Given material ->
════════════════
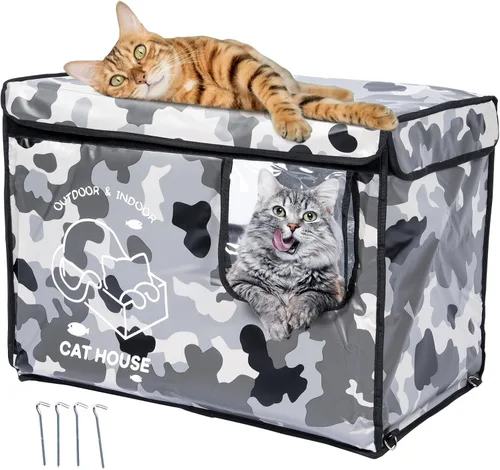 Miniatura 8 de Casa indestructible para gatos al aire libre con puerta de escape de dos caras, aislada y 100% impermeable, exterior resistente a la intemperie
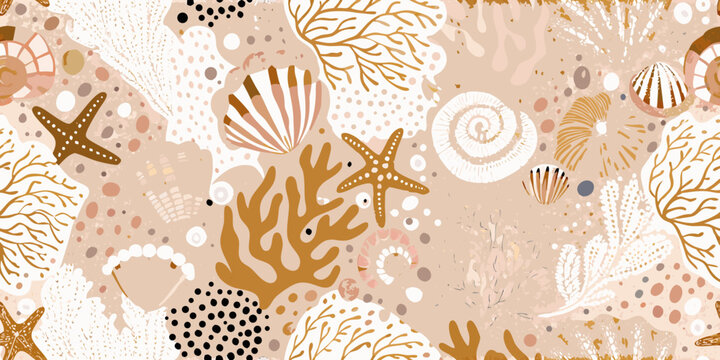 Seashell and coral pattern a decorative beach themed vector illustration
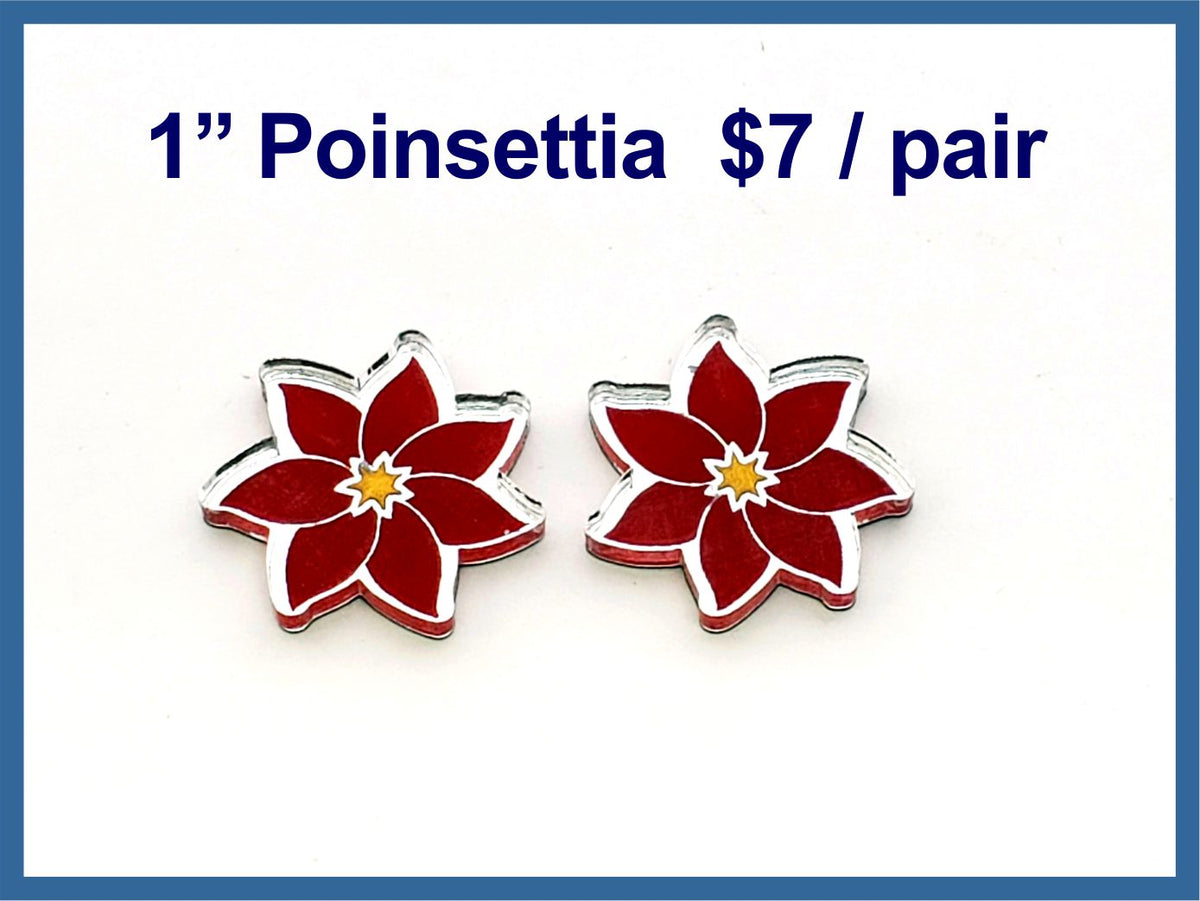 Pair of 1 inch red poinsettia cabochons (cabs) in engraved silver mirror acrylic with yellow centres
════════════════
What is needed -> The material must be restated verbatim. Its pictures must be omitted.

Answer to this task ->
 Miniatura 8 de Casa indestructible para gatos al aire libre con puerta de escape de dos caras, aislada y 100% impermeable, exterior resistente a la intemperie
 Seashell and coral pattern a decorative beach themed vector illustration
 Pair of 1 inch red poinsettia cabochons (cabs) in engraved silver mirror acrylic with yellow centres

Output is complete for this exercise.